Cool Stuff in Paris. By Manning Leonard Krull.

Using the Paris Métro

The Paris Métro (subway) is cheap, fast, and efficient, and is definitely the best way to get from place to place in the city. The trains come very frequently (more so than I've seen in any other major city in Europe or the US), the lines are very well-planned so you don't have to make a lot of transfers, and the stations are absolutely everywhere, so you never have to walk far from the Métro station to your destination.

The various lines are named numerically as well as color-coded, so the system is very easy to use and understand even if you don't speak a word of French. Maps of the Métro are available for free at any ticket counter or information window in a Métro station. Just say, "Avez-vous un plan, s'il vous plait?" — phonetically: "Ah-vay voo ahn plahn see voo play?" They'll often give you a free map of the Métro AND a free street map of Paris.

Tickets

As for tickets, you can get ten tickets for €14.10 (as of April 2015) at the ticket window. A stack of ten tickets is called a carnet (car-nay), so just ask for "Un carnet, s'il vous plait." Each ticket is good for a one-way ride anywhere in the city, including connections inside stations. Always hold onto the ticket you've just used until you've completely exited the Métro system, as there are often guards who block the corridors and check each person's ticket as they come through, using a little Gameboy-like machine. (You will probably see TONS of kids and bums hopping the Métro turnstile.) Once you've exited, you can safely throw out the ticket.

You can also ask about daily and weekly (and monthly) passes with unlimited rides, but in my experience they're pretty expensive and sometimes not much more economical than just buying packs of ten individual tickets whenever needed.

Individual one-ride tickets are also available at the machines, but they're significantly more expensive per-ticket than buying a pack of ten.

The Métro is not open 24 hours; this ain't New York!

Be aware that the Métro stops running around 12:30am on most nights, but they've recently extended it to about 2am on Friday and Saturday nights.
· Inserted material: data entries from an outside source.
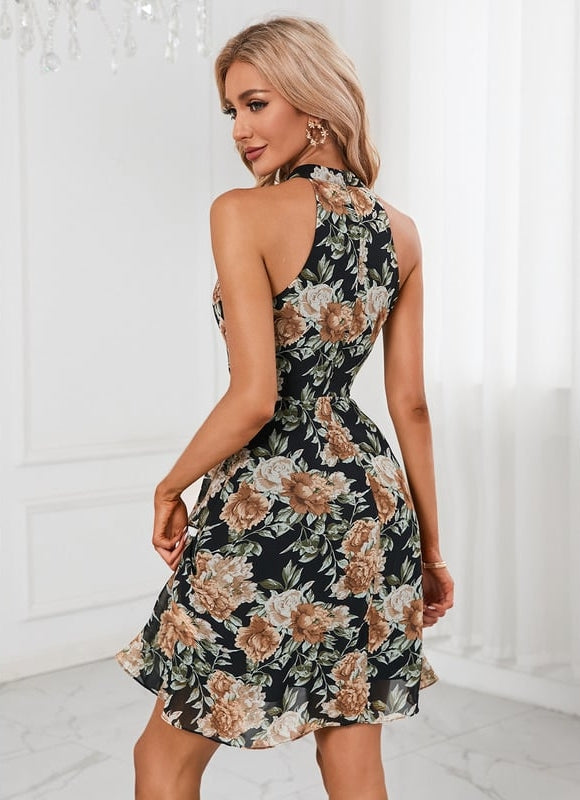 Robe Chic Fleurie Noir Chic - gallery 5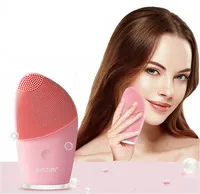 

Electric Silicone Facial Brush Cleaner Face Wash Brushes Sonic Face Cleanser Ultrasonic Skin Care Tool Facial Cleaning Massager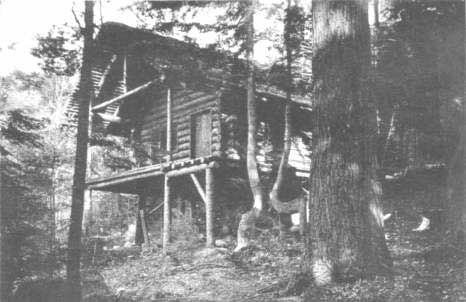 The "House of Dreams Untold"—the log cabin in the woods at Peterboro where MacDowell composed, and where most of his later music was written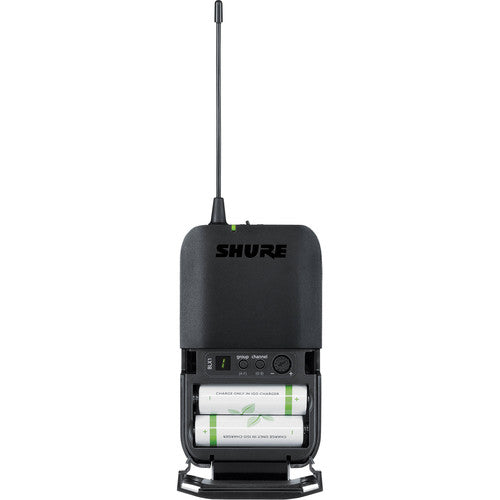 SHURE BLX1 Transmisor de body pack inalámbrico (J11: 596 a 616 MHz)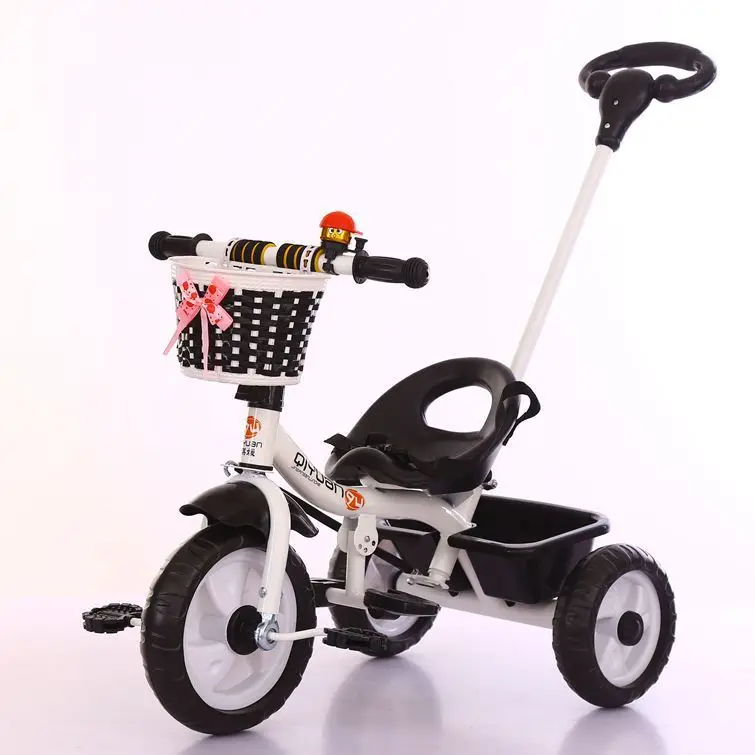 Infant Shining Baby Tricycle Ride on Toys 4 In 1 Three Wheels Stroller Children Bike Seat Multi-function for 1-6Y Children
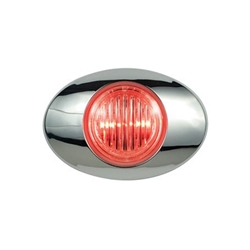 Clear Lens Millennium Series 3” Sealed LED Marker/Clearance Light Red - 00212278BK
To be safe, always try to get to the platform at least 15-20 minutes before the Métro stops running, because the trains run much less frequently late at night. Almost all stations have a light-up sign on the platform displaying how many minutes there are until the next train.

Something regarding the Métro cars themselves that catches many Americans by surprise: the doors don't open automatically! You have to grab a little metal lever on the door and lift it up. This is true whether you're getting in or out of the Métro. When you're not expecting to have to open the door yourself, especially when jetlagged (or drunk), it's very easy to just stare at the door and expect it to open on its own, and suddenly the train is moving again and you've missed your stop! (Note: A few lines do have doors that open automatically, and a few have a big green button you have to press. But most still have the clunky old levers.)
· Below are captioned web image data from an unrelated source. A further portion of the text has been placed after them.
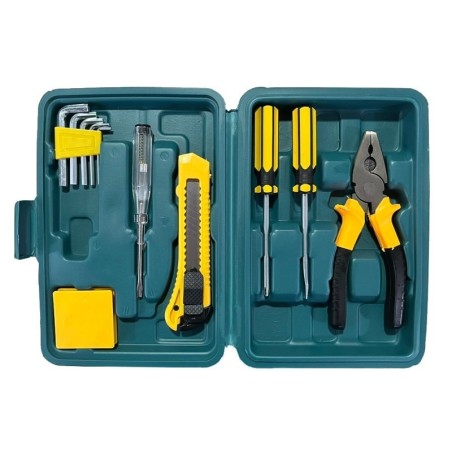 Kit Mini Caixa De Ferramentas Multiuso Com 11 Peças 2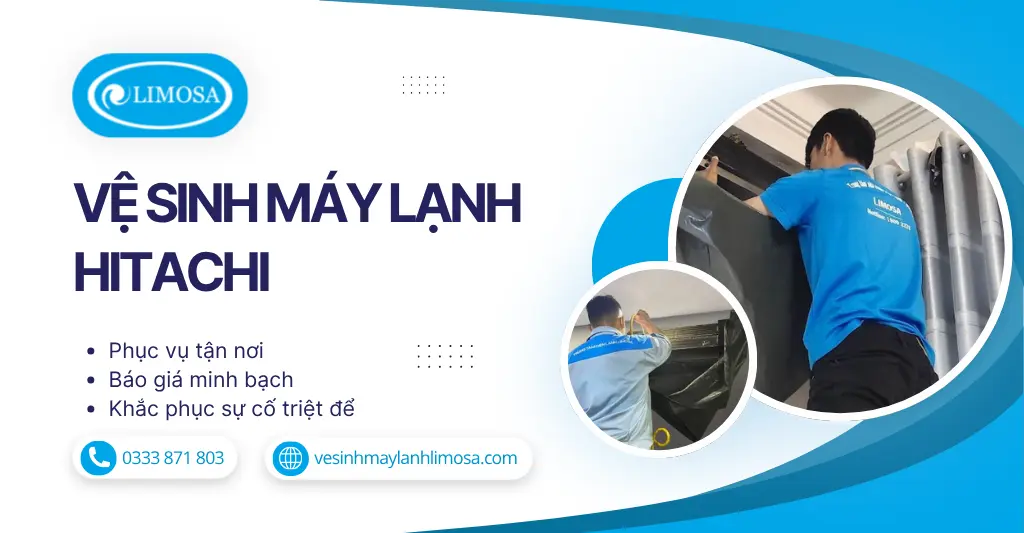 Vệ sinh máy lạnh Hitachi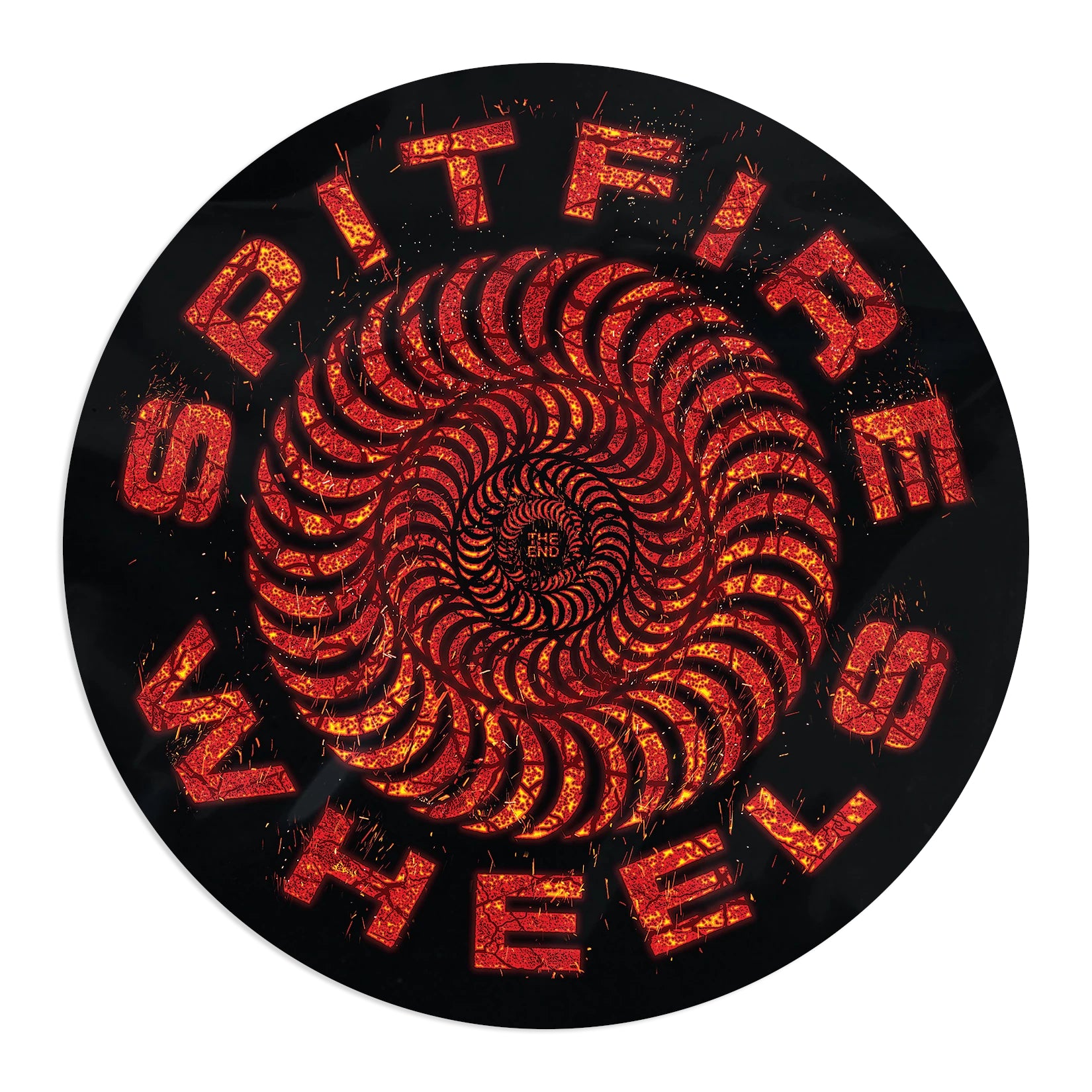 Embers capsule classic spitfire wheels swirl sticker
Not for the claustrophobic

The Métro often gets extremely crowded, especially at peak hours. As an American I've had to get used to the fact that Europeans in general are often much less concerned with personal space than we are, so be prepared for people to really pack themselves in and press up against you. As always in crowded situations in Paris or any city in Europe, be very wary of pickpockets (see my page about pickpocketing here).

When you've arrived at your stop, if the train is crowded you'll have to make your way through the mob to get out before the train starts moving again. The word to remember is "Pardon!" (par-doan). As soon as the Métro is coming to a stop, start "pardon"-ing your way to the door; say it as many times as you need to and people will get out of your way, often opening the door for you before you get there. I usually alternate all my "pardon"s with "merci"s.

Maps and signs

When you've arrived at your station, there's almost always a map on the wall with a zoomed-in view of the neighborhood — the plan du quartier — and an alphabetical listing of streets corresponding to a grid. This can be extremely helpful and it's often easy to miss. Sometimes they're on the platform as soon as you exit the train, and sometimes they're upstairs near the Métro station exit.

When you're on the platform, look for the dark blue signs that say "Sortie" (exit). Sometimes there's more than one exit, to point you toward different streets up on the ground level. The plan du quartier shows these exits so you can choose the one that's closest to where you're headed.

Métro etiquette (Métiquette?)

When you're on escalators in the Métro (or anywhere), stand to the right so people can walk past you to the left. Same goes for moving walkways in the bigger stations (and in airports).

Only use the fold-down seats when the Métro car is relatively empty. If the car fills up, stand up to make more room for people. There are small signs directing you to do this, but they're easy to miss.

The Métro ride can be pretty bumpy, so if you're standing, hold onto something! There are bars and handles everywhere.

And for pete's sake, if an older person gets on when it's crowded, give them your seat! Even if you don't speak any French, just get up and gesture to your seat and say, "S'il vous plait, [madame/monsieur]." Bonus: everyone else will feel bad because you have more class than them.